Unfortunately, accuracy matters to me. I saw a novel that was a FO4 fic with the barcode scraped off - 'Nick Something-Else, Robot detective'. And like, hell yeah, get that bag. But I don't wanna read that, either, because it's not accurate! I am insane in many small ways.
I reckon buy-in has a lot to do with it. You're bought into the game because it's your character, but also annoyed because it forces you into a certain character - so there's a desire to write your own, or in better games, document your progress. I think it's also the nostalgia. Maybe the fic with your OC's will only ever be interesting to you.
Thus if you're not being self-indulgent, what are you even doing?
It's like... trying to cook your dinner to the standard of a professional chef, to the point of cooking things you don't want to eat.
It's hard though, because I think my high standards are also my motivation for writing - because I'm not getting exactly what I want out of something already available. To use the example, it feels like I happened to be craving, just as an example, a "grilled barramundi with sundried tomato cream and basil, served with roasted pumpkin and steamed greens with cumin spice and citrus oil" - so the effort required is a little higher than fish and veggies, which probably tastes just fine.
Like... I want to have a story with structure. With events, and new scenes and locations, and things happening to people. Things that matter. And people doing things that matter. And cool Fallout stuff, new monsters and characters that feel true to the world. So I guess that's the real reason my standards are so high.
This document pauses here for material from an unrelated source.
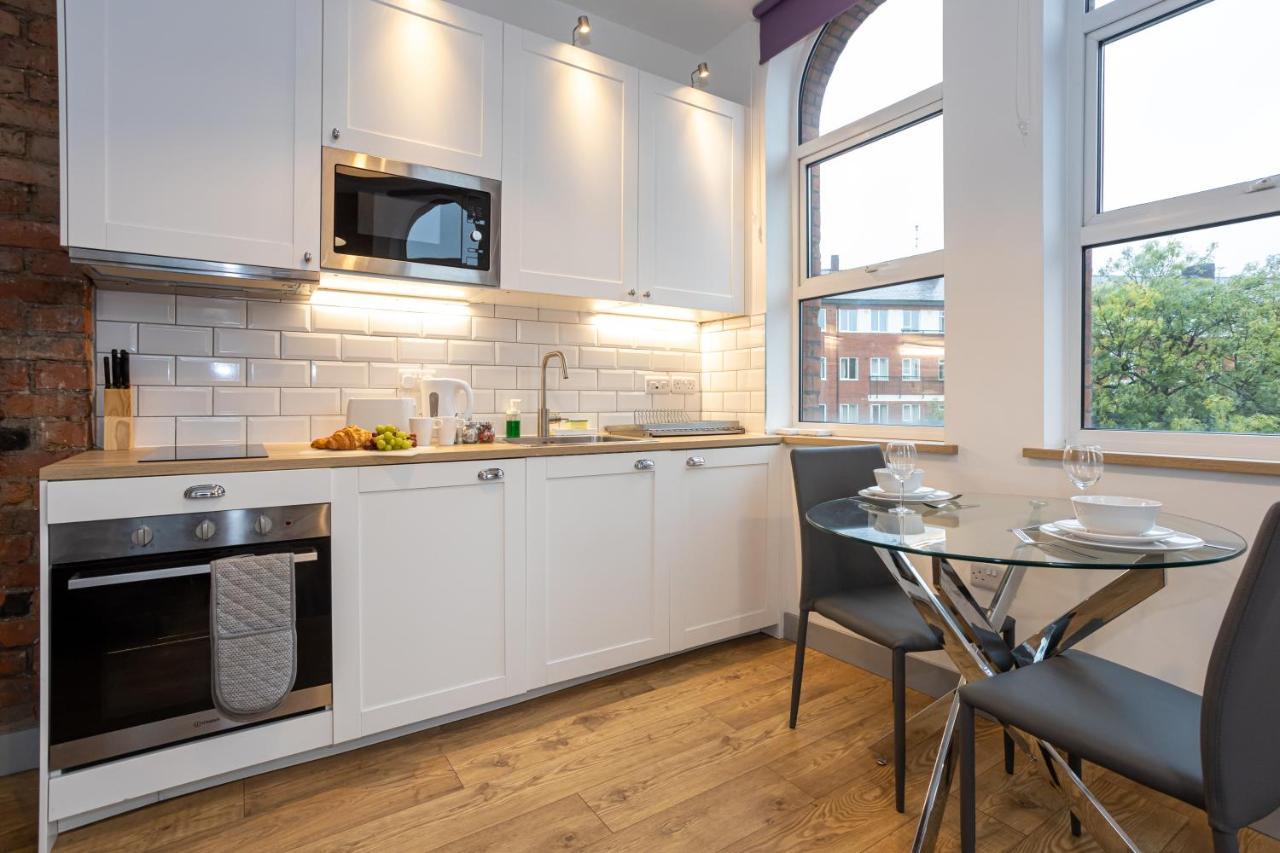 Pillo Rooms Serviced Apartments - Salford Manchester Zewnętrze zdjęcie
If I could accept an imperfect story, maybe I'd just play the game again. Hell. I bet a lot of people do.
But for me, rather than writing something small, I want to patch the gaps in the walls by rebuilding the house, so to speak. The cracks are too foundational! We need to start again - and even if I fuck up, I will have greater sympathy for how hard it is to build a house.
Anyway, apart from all that, I made taco mince this week. I also bought a candle as an indulgence. Candles are good. I highly recommend them.